MATERIAL SUPPLIED —
==================================================
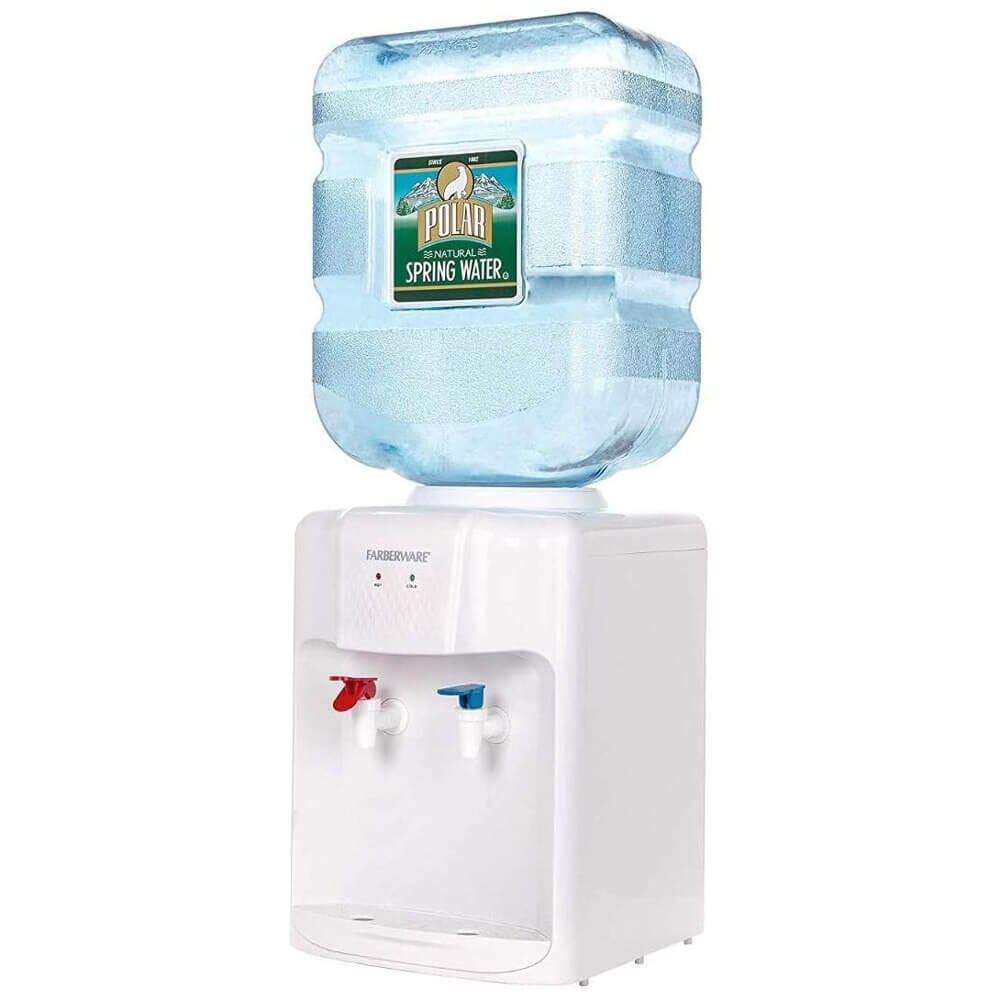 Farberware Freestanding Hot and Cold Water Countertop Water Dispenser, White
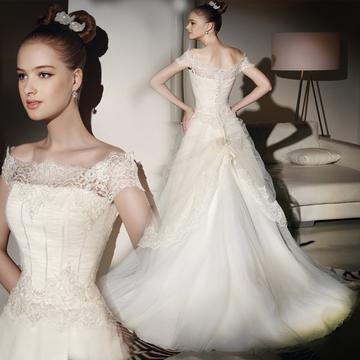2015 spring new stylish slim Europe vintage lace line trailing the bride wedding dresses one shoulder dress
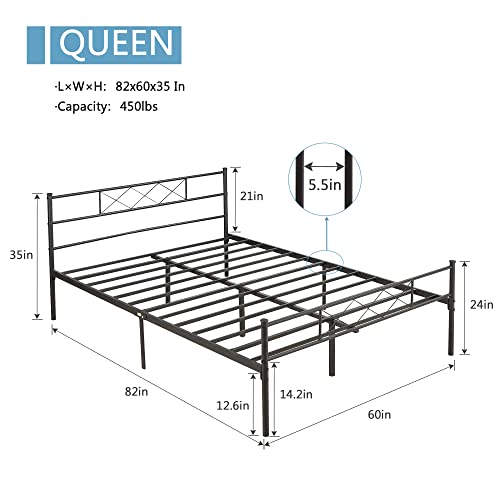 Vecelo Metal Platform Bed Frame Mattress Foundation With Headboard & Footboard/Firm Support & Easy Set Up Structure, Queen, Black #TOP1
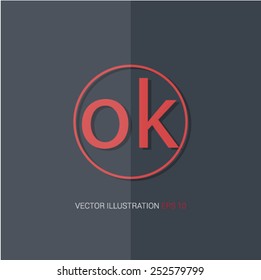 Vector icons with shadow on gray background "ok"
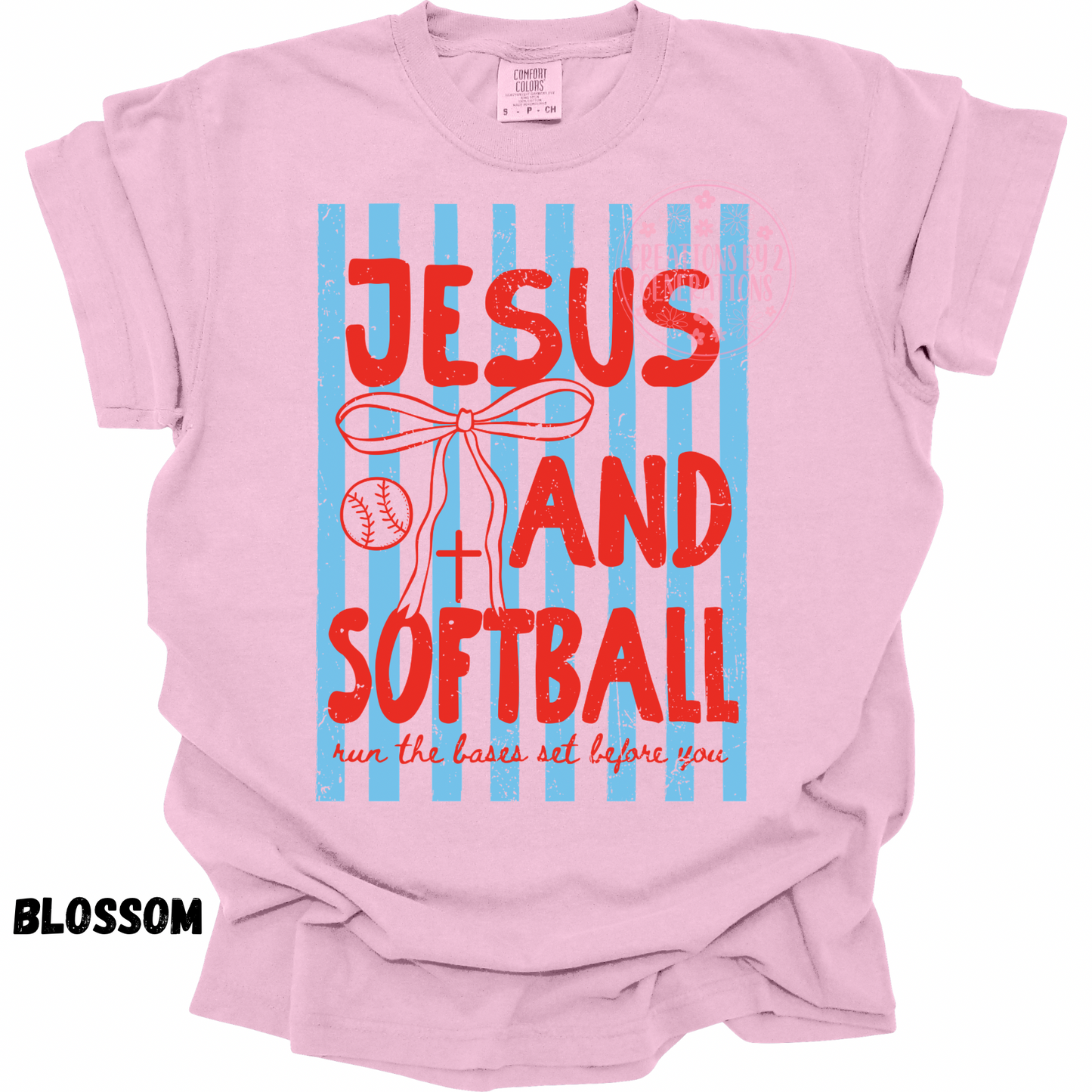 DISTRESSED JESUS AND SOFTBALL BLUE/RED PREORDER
==================================================
EXERCISE BRIEF — Copy exactly the lines that run from the line containing "2015 spring new" to the end of the data above, keeping both end lines and leaving out all pictures.

WRITTEN REPLY —
2015 spring new stylish slim Europe vintage lace line trailing the bride wedding dresses one shoulder dress
 Vecelo Metal Platform Bed Frame Mattress Foundation With Headboard & Footboard/Firm Support & Easy Set Up Structure, Queen, Black #TOP1
 Vector icons with shadow on gray background "ok"
 DISTRESSED JESUS AND SOFTBALL BLUE/RED PREORDER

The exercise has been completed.